Os sem-Cohiba esperam a hora de entrar em cena

JOSIAS DE SOUZA
DIRETOR DA SUCURSAL DE BRASÍLIA

A diferença entre o dinheiro mixuruca e o dinheiro graúdo está no timbre. A moeda farta não fala. Grita. A grana parca também não fala. Emudece. O silêncio do salário mínimo, por exemplo, pode ser medido de várias maneiras. Aqui se utilizará, por eloqüente, a escala dos charutos. É mais próxima do universo petista.
Companheiros como Lula e Dirceu apreciam os cubanos. Derretem-se por um bom Cohiba. Sorvem-no em qualquer bitola. Mas preferem o "Esplendido" (17,8 cm de comprimento; 1,86 cm de diâmetro). Coisa fina. A caixa com 25 unidades custa algo como R$ 2.400. Pouco mais de nove salários mínimos.
Ao fixar o novo mínimo em R$ 260, valor que não paga a fumaça de três "Esplendidos" (R$ 288), a feitoria petista deixou agoniada a tribo que acreditou no palanfrório redentor da campanha eleitoral. Na segunda-feira, porém, o presidente se explicou.
"Tivemos o cuidado de dar o reajuste da inflação e um pouquinho a mais", disse Lula no rádio. "Com a preocupação de que, em algum momento, vamos criar condições para recuperar definitivamente o poder aquisitivo do mínimo. E vamos fazer isso com responsabilidade, porque não podemos aumentar a dívida da Previdência."

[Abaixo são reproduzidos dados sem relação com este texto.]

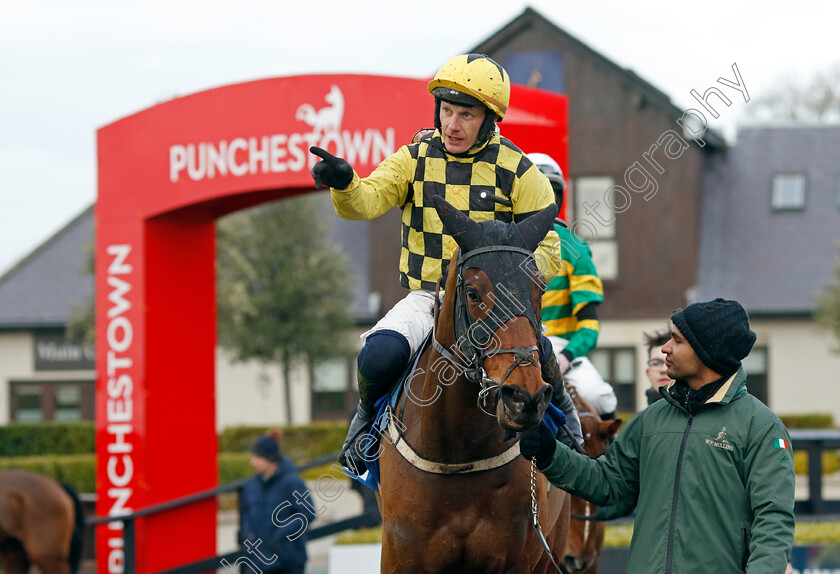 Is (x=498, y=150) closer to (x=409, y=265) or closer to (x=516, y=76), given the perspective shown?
(x=409, y=265)

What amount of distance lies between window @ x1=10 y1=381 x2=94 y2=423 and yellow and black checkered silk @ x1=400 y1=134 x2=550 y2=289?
21778 mm

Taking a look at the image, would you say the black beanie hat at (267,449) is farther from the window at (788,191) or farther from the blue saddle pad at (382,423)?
the window at (788,191)

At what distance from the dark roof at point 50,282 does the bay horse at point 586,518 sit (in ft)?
64.8

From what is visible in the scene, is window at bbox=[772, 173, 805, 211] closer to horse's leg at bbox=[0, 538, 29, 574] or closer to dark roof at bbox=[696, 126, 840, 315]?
dark roof at bbox=[696, 126, 840, 315]

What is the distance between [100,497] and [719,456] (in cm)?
612

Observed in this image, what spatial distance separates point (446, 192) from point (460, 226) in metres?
0.60

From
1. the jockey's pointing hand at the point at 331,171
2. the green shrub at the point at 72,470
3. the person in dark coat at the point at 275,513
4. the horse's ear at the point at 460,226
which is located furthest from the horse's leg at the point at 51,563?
the green shrub at the point at 72,470

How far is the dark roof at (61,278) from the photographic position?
23.3 meters

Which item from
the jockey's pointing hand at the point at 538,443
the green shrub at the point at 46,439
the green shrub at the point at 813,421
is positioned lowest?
the green shrub at the point at 46,439

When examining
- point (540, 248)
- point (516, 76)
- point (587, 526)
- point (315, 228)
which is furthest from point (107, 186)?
point (516, 76)

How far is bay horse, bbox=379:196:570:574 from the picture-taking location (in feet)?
9.89

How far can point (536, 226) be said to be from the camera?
10.3ft

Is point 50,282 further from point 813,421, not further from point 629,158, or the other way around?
point 813,421

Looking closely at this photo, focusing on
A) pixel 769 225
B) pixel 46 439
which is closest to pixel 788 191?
pixel 769 225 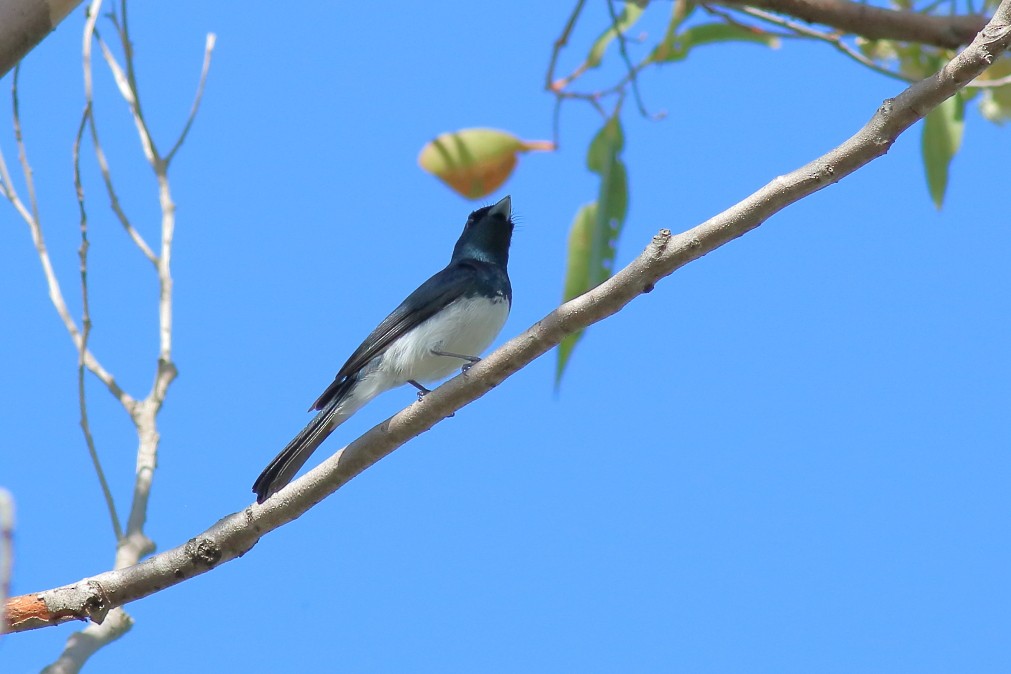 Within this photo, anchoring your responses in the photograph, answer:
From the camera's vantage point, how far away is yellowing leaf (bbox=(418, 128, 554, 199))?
372cm

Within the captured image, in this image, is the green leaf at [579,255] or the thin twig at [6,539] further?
the green leaf at [579,255]

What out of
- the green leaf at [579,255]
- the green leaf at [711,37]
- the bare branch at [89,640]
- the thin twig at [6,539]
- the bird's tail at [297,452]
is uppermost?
the green leaf at [711,37]

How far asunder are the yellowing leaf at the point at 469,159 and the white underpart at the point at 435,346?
53 cm

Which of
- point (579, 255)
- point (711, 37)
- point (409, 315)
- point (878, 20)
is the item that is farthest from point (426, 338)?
point (878, 20)

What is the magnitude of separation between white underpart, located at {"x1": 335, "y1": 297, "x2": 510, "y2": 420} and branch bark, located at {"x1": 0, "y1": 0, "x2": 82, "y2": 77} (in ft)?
6.40

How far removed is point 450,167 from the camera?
3.73m

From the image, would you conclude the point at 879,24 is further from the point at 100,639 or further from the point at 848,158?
the point at 100,639

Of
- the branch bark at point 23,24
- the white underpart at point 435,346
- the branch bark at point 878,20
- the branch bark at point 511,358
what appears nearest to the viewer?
the branch bark at point 23,24

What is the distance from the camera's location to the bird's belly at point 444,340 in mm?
4031

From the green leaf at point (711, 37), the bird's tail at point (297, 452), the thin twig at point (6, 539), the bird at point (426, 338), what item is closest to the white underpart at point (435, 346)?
the bird at point (426, 338)

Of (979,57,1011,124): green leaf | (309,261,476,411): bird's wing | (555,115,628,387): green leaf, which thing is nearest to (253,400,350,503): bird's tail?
(309,261,476,411): bird's wing

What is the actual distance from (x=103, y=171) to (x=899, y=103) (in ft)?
8.27

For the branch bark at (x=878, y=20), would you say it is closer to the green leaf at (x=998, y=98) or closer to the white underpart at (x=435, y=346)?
the green leaf at (x=998, y=98)

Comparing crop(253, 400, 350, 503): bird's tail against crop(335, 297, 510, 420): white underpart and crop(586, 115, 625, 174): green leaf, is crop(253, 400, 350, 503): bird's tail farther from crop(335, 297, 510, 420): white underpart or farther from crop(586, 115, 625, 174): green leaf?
crop(586, 115, 625, 174): green leaf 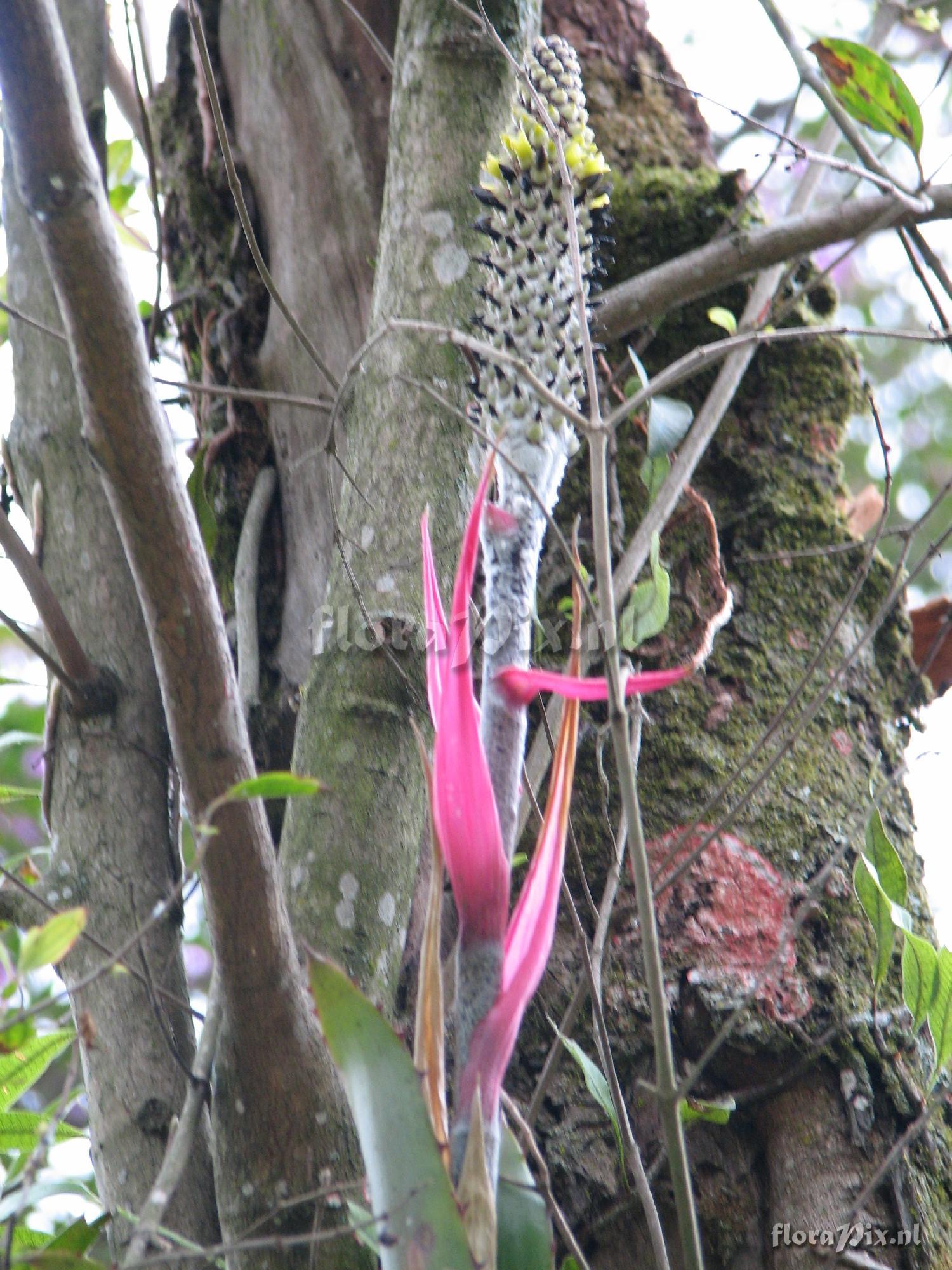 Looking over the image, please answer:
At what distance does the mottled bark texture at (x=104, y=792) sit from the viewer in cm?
86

No mesmo dia, Dirceu declarou: "A gente tem que ter clareza das limitações. Sem perder a esperança, a fé, o otimismo. E sem deixar de ter audácia. E audácia neste momento é ter responsabilidade. Poderíamos ter dado R$ 300, mas teríamos um impacto de R$ 12 bilhões nos gastos públicos".
As palavras de Lula e Dirceu repercutiram muito bem entre os tapuias. O ressentimento deu lugar à satisfação de estar contribuindo para o equilíbrio orçamentário do governo. Disseminou-se a certeza de que a vida nas ocas vai melhorar consideravelmente.

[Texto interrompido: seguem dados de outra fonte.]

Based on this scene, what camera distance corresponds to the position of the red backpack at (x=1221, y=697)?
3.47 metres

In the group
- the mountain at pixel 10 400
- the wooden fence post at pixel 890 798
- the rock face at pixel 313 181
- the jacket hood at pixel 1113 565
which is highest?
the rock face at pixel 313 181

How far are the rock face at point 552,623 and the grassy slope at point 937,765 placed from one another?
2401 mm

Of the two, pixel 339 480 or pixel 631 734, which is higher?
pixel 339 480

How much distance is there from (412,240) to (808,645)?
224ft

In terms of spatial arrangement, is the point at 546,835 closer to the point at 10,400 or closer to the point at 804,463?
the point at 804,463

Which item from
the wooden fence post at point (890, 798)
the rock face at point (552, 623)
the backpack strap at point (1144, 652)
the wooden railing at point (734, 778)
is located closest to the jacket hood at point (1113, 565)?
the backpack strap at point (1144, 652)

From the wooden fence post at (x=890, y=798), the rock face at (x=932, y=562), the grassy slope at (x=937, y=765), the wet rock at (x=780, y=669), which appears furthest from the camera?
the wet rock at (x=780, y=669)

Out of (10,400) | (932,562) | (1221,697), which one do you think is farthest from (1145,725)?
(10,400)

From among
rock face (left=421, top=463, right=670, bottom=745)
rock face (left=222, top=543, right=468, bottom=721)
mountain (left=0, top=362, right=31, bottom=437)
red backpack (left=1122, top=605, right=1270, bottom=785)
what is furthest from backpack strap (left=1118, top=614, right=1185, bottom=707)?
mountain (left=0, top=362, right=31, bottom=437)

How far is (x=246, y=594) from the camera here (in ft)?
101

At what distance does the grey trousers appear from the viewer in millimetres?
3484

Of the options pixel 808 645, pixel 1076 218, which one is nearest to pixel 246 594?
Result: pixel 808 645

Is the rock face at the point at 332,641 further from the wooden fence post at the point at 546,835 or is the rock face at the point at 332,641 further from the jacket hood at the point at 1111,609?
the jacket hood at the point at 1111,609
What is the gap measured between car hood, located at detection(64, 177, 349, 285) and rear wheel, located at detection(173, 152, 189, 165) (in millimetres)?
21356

A tribo do mínimo crê no patriotismo do homem branco. Acostumados a receber em reais, o caixa do supermercado, o dono do armazém e o feirante haverão de aceitar pagamentos na moeda da "responsabilidade". Com uma dose de "esperança", a nova unidade monetária garantirá o rancho do mês. Com uma pitada de "fé", vai sobrar troco.
Tomados de súbita "audácia", os sem-Cohiba farão fila nos guichês bancários. Terão, não há dúvida, crédito automático. Tomarão empréstimos com prazos a perder de vista. A banca há de fechar os olhos para a ausência de garantias reais, compreendendo as "limitações" momentâneas de Brasília. Não lhe falta gordura.
Cevadas pelos juros da administração FHC, as tesourarias das casas bancárias seguem inchando sob Lula. Em 2002, último ano do tucanato, a rentabilidade média da banca foi de 24,5%. Um assombro se comparada à taxa média de 5,6% dos setores não-financeiros (indústria, comércio e serviços).
No ano de despedida da era Malan, o lucro das quatro maiores casas bancárias privadas do país roçou os R$ 7 bilhões. Abre parênteses: Malan foi promovido na última quarta-feira ao posto de presidente do conselho de administração do Unibanco. É justo. Muito justo. Justíssimo. Fecha parênteses.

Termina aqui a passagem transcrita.